Data entries
▼
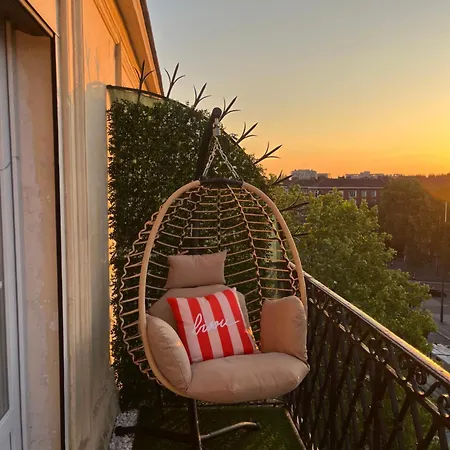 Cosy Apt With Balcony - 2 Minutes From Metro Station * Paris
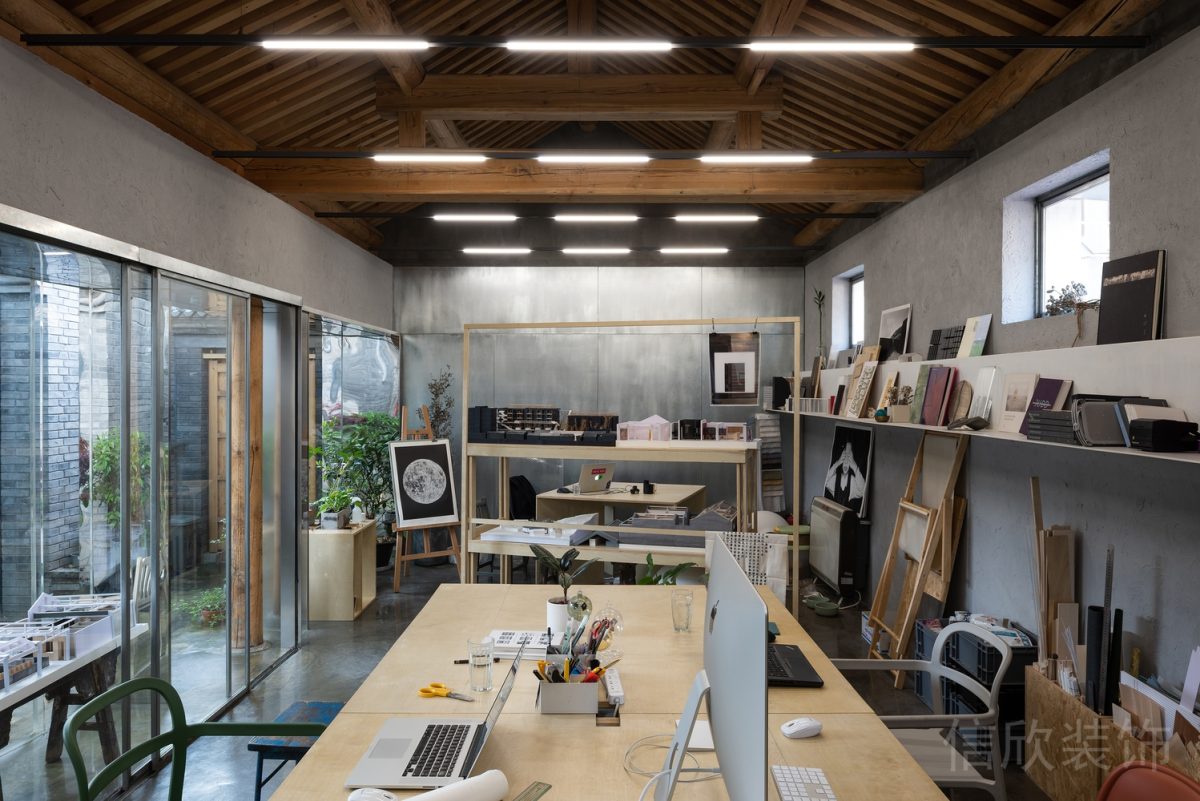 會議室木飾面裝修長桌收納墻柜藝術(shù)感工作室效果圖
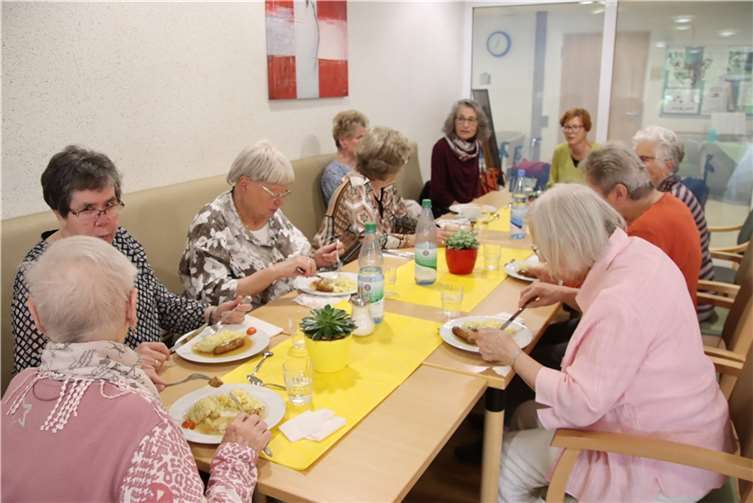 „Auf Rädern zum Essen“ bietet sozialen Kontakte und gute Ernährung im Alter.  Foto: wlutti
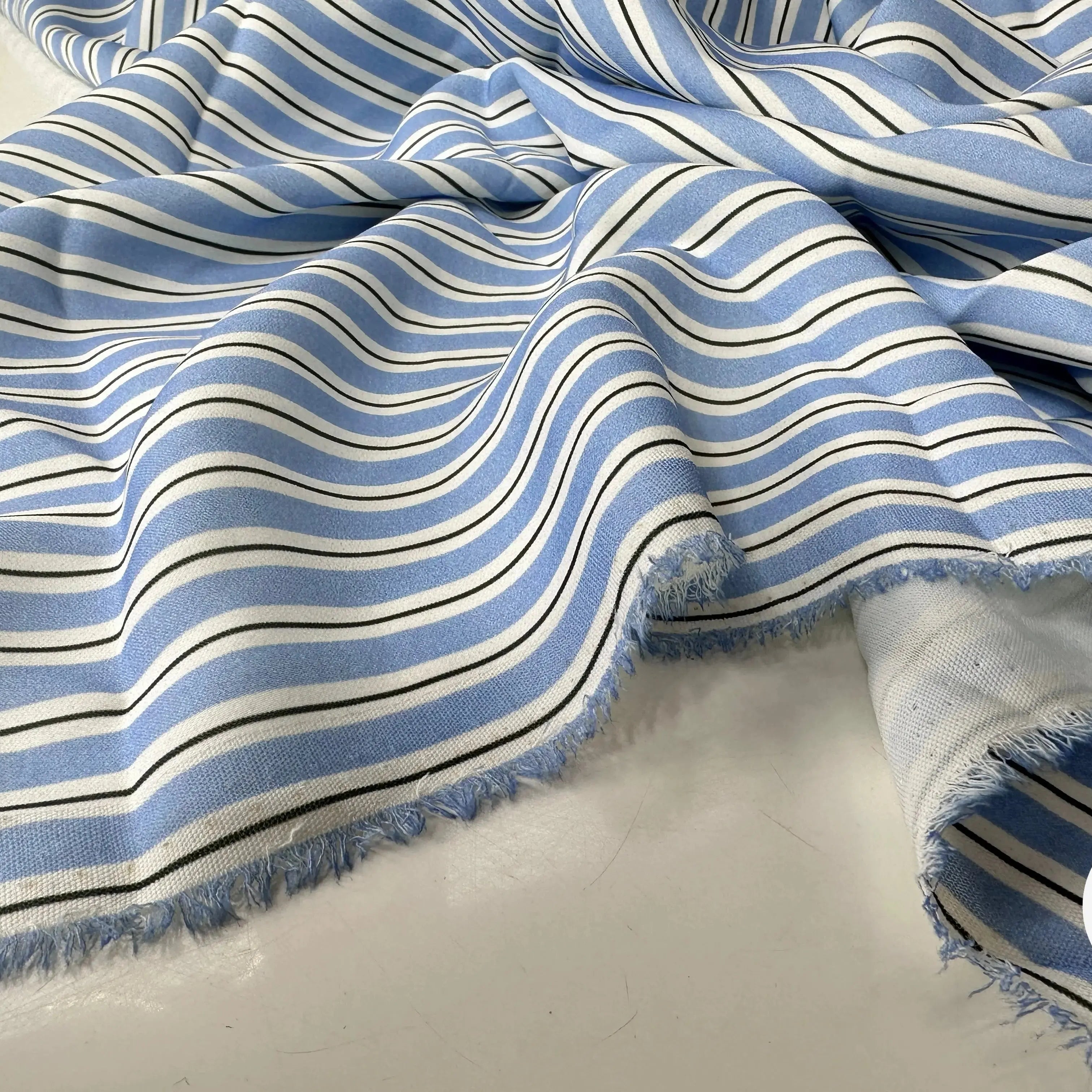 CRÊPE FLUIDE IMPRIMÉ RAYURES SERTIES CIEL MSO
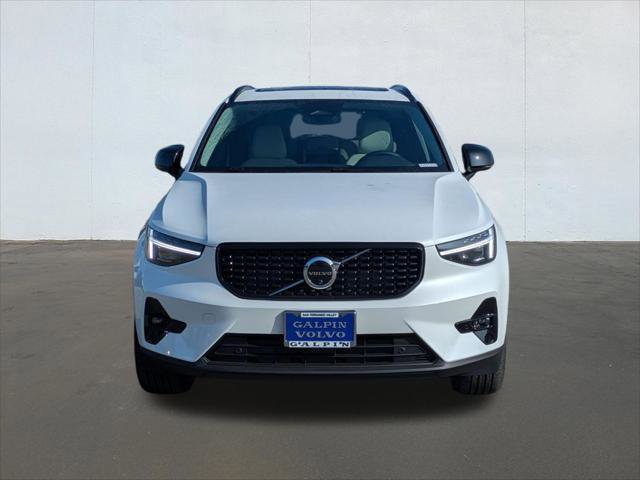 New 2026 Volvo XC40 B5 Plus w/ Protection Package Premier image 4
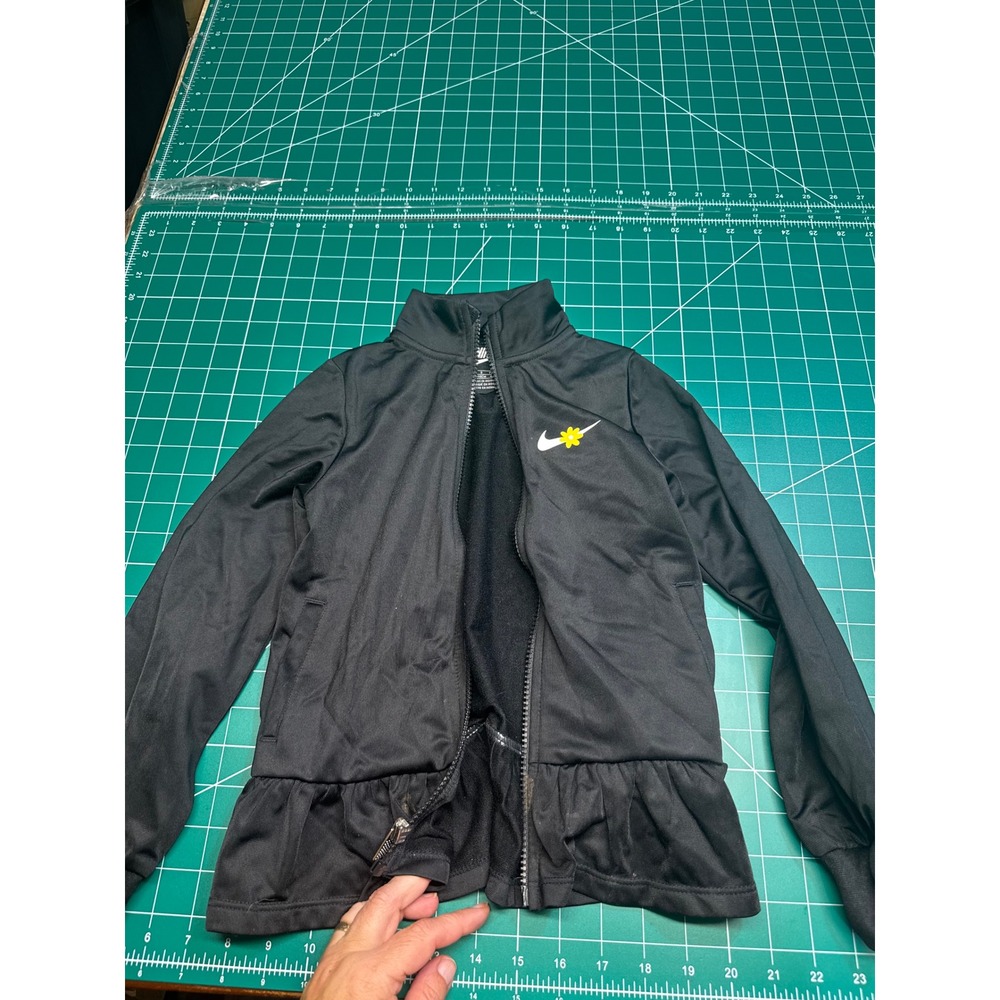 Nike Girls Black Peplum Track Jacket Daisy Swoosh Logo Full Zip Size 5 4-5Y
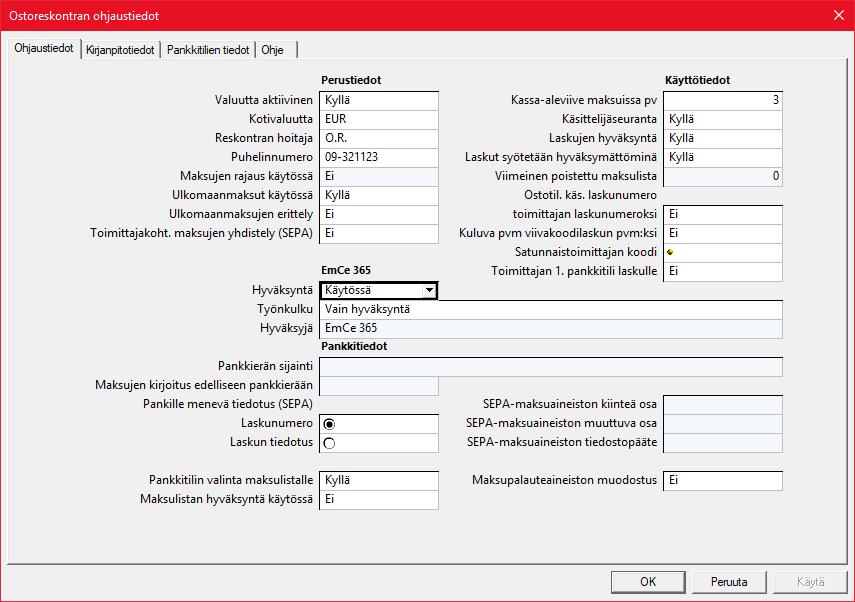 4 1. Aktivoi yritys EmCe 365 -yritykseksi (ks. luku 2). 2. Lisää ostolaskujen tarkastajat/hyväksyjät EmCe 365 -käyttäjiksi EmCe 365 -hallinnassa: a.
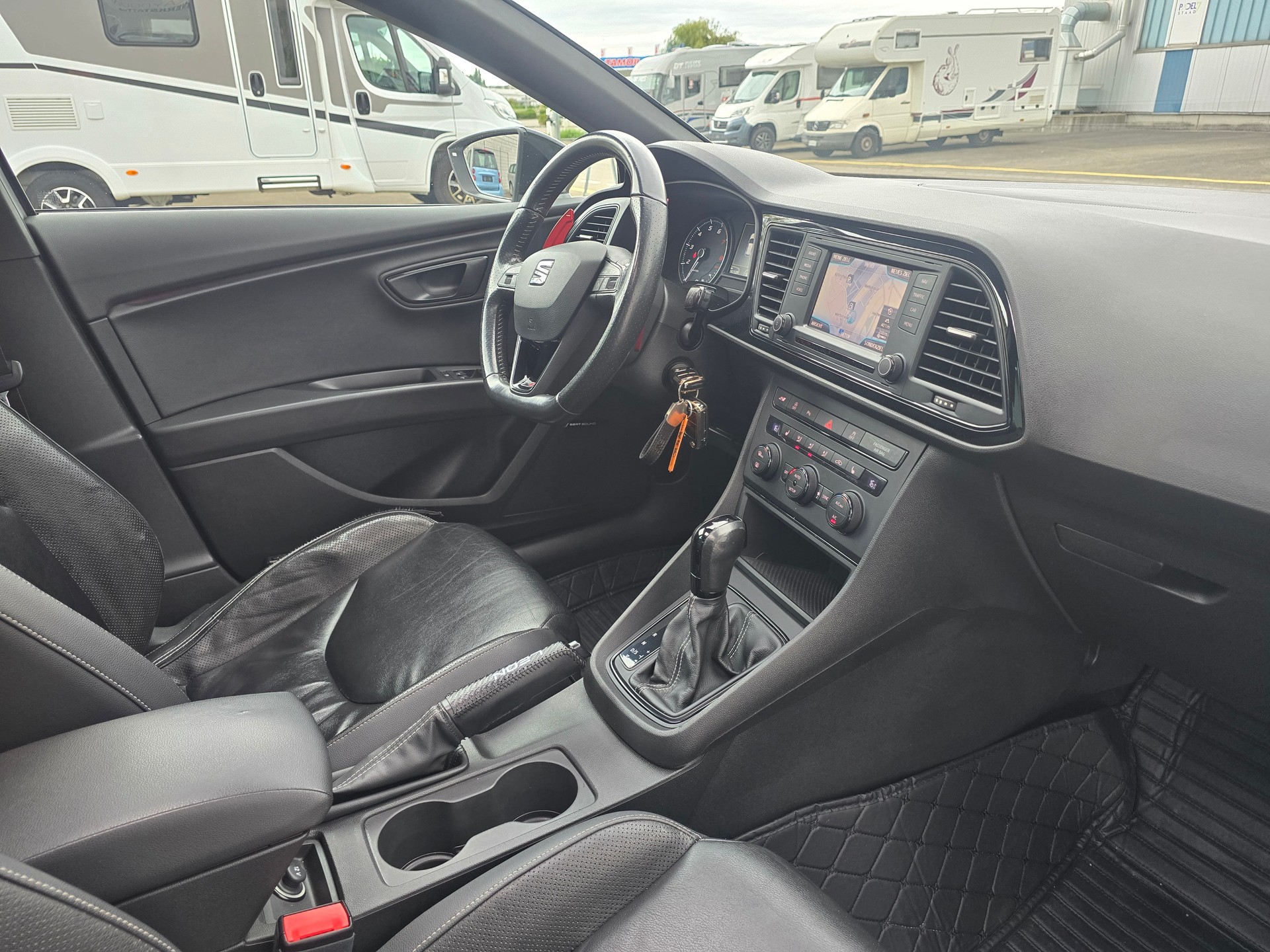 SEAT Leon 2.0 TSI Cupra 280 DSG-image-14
▲
▶ [What to produce] Omit the pictures, then give all the lines above again exactly.

▶ [Response to this exercise]
 Cosy Apt With Balcony - 2 Minutes From Metro Station * Paris
 會議室木飾面裝修長桌收納墻柜藝術(shù)感工作室效果圖
 „Auf Rädern zum Essen“ bietet sozialen Kontakte und gute Ernährung im Alter.  Foto: wlutti
 CRÊPE FLUIDE IMPRIMÉ RAYURES SERTIES CIEL MSO
 New 2026 Volvo XC40 B5 Plus w/ Protection Package Premier image 4
 Nike Girls Black Peplum Track Jacket Daisy Swoosh Logo Full Zip Size 5 4-5Y
 4 1. Aktivoi yritys EmCe 365 -yritykseksi (ks. luku 2). 2. Lisää ostolaskujen tarkastajat/hyväksyjät EmCe 365 -käyttäjiksi EmCe 365 -hallinnassa: a.
 SEAT Leon 2.0 TSI Cupra 280 DSG-image-14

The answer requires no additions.